Faço sinal a Az para me seguir e escondo-me entre os ramos
grossos de um pinheiro enorme. Embrulhando as asas à volta do
corpo, pressionamo-nos pelo meio das agulhas aguçadas, lutando
contra os galhos que nos arranham. Sustendo a respiração, aguardamos.
É então que o solo ganha vida, fervilhando com uma frota de
veículos: carrinhas, SUV, motos-quatro.
– Não – digo eu, em voz rouca, olhando os veículos e os homens, armados até aos dentes. Na caixa aberta de uma carrinha,
dois homens agachados estão a postos, com um enorme lança-redes à sua frente. Caçadores treinados. Sabem o que estão a fazer. Sabem o que estão a caçar.
Az treme tanto que o ramo grosso sobre o qual estamos agachadas começa a abanar, com um roçagar de folhas. Seguro-lhe
na mão. A moto-quatro vem à frente, movendo-se a uma velocidade
estonteante.
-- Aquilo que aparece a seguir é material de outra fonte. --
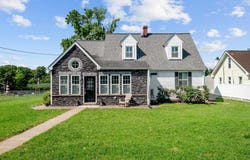 8426 PARK ROAD, PASADENA, MD 21122
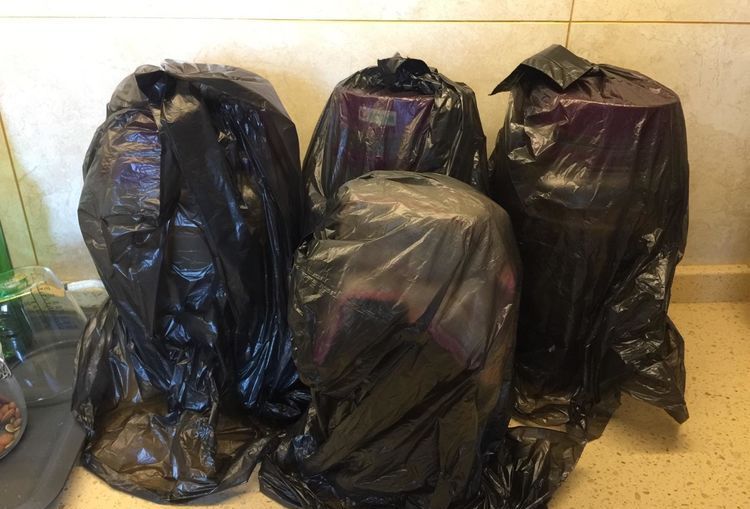 自酿葡萄酒的详细制作方法,葡萄酒正确做法自酿全过程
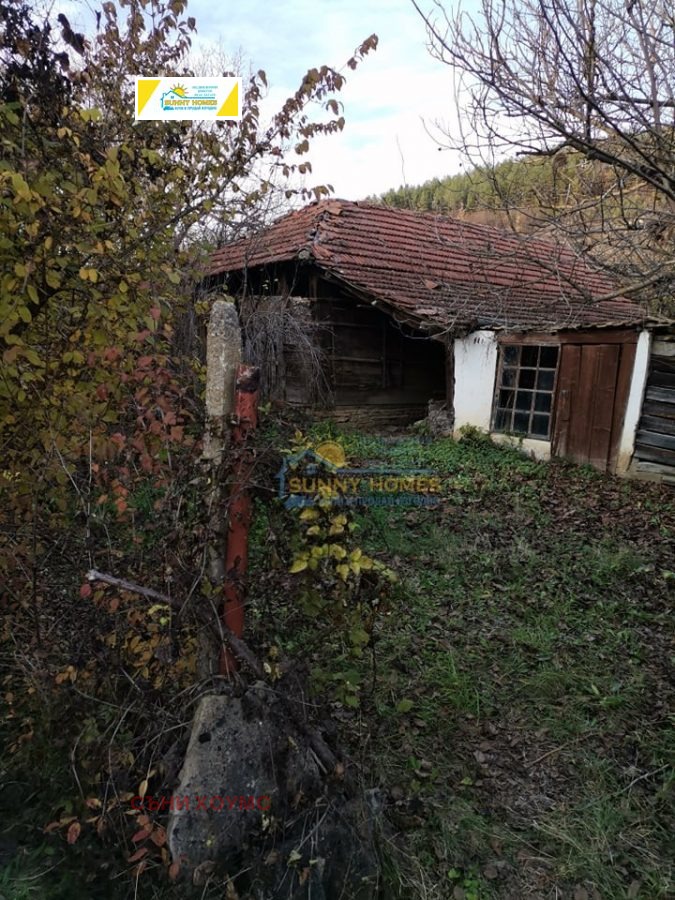 Продава КЪЩА | Imot.bg — изображение 10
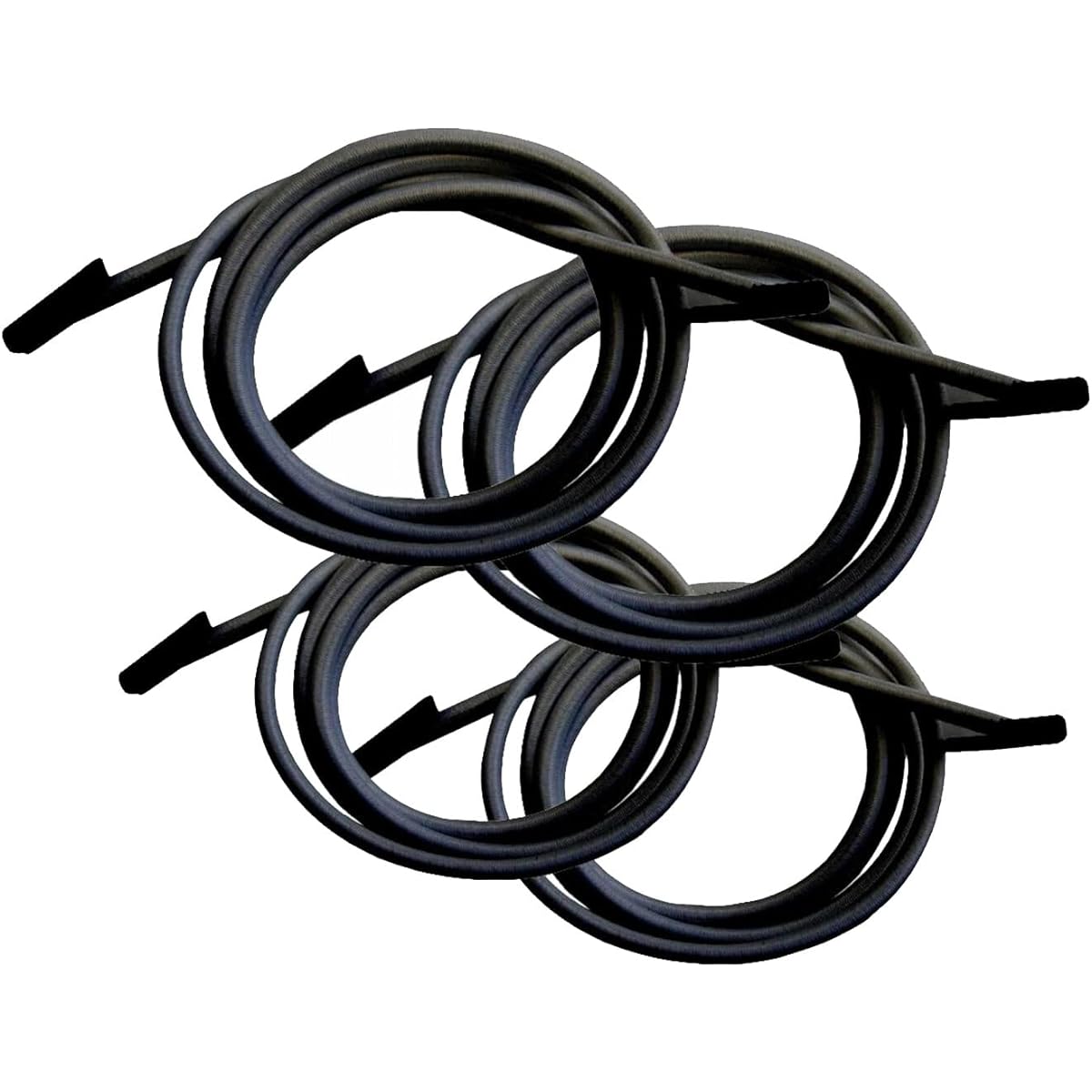 Lafuma Replacement Rubber LACET EMB for RSX/RSXA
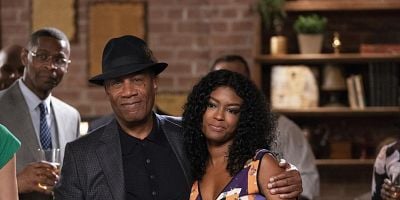 Pôster de The Fighter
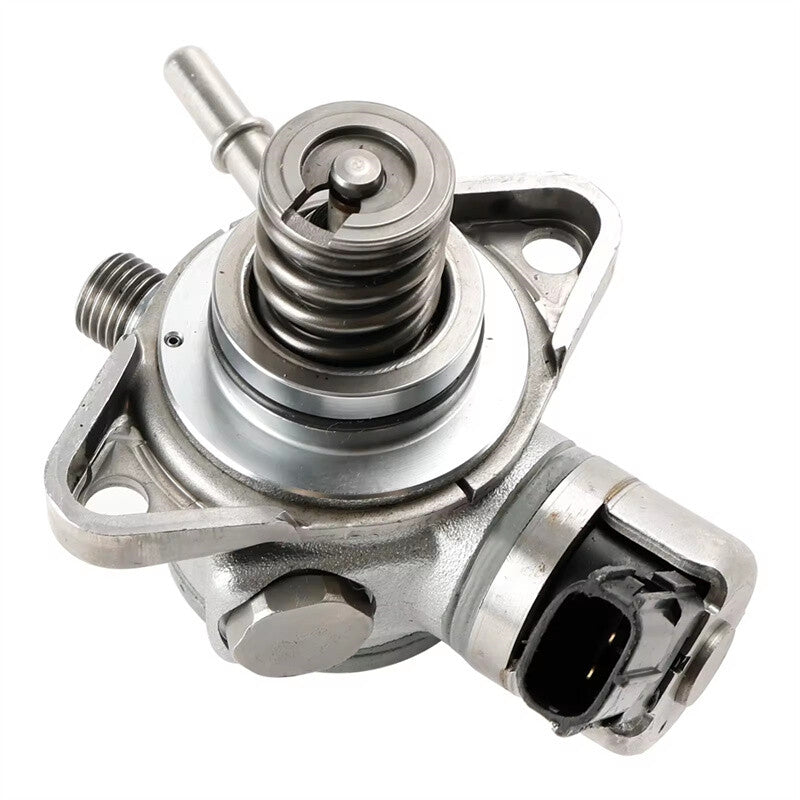 High-pressure fuel pump suitable for Nissan Pathfinder and for Infiniti QX60 17-22 166306KA0A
O condutor de um SUV aponta para fora da janela.
– Olhem para as árvores – grita, numa voz profunda, aterradora.
Az não pára quieta. Aperto-lhe a mão com mais força. Agora
está uma mota precisamente por baixo de nós. O condutor traz
uma t-shirt preta que se lhe cola ao corpo jovem e musculado.
A minha pele contrai-se de uma forma quase dolorosa.
– Não posso ficar aqui – diz Az a meu lado, mal conseguindo
articular as palavras. – Tenho de ir!
– Az – rosno, e a minha voz grave e ressoante soa ardente e desesperada. – É isso que eles querem. Estão a tentar fazer-nos aparecer. Não entres em pânico.